The **utility** is equivalent to the state value in Reinforcement Learning, while the **action value** is equivalent to the expected utility of taking the action $a$.

<br>

### Finding the utility

The choice of the utility is critical and defines the situation the agent will prefer. Successfully handling a problem requires finding the appropriate utility function. Unfortunately, this is not that easy.

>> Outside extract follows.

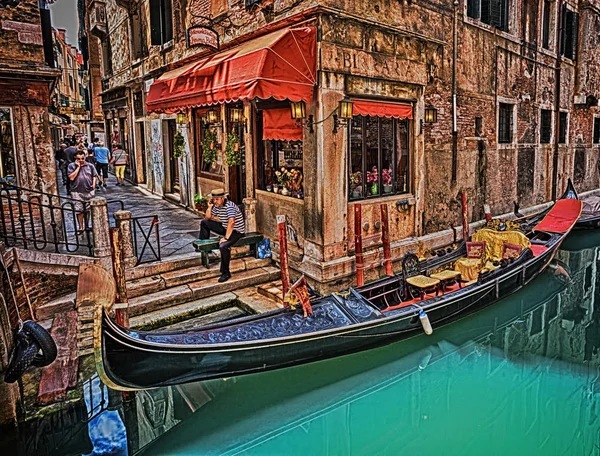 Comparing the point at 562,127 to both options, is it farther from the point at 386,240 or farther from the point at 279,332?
the point at 279,332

If we take the example of money, the utility does not grow linearly with the amount of money:

* people will tend to prefer to secure 100,000 rather than throwing a coin to possibly gain 250,000
* people will tend to prefer to lose 100 every month rather than having a 1% chance of losing 10,000

This behavior is call **risk-adversity** and do not always apply. Some people are not risk-adverse, and it also depends on how much they have in their bank account. Someone with plenty of money will likely take more changes, and someone with a big debt will also do so (in a desesperate attempt to save their situation).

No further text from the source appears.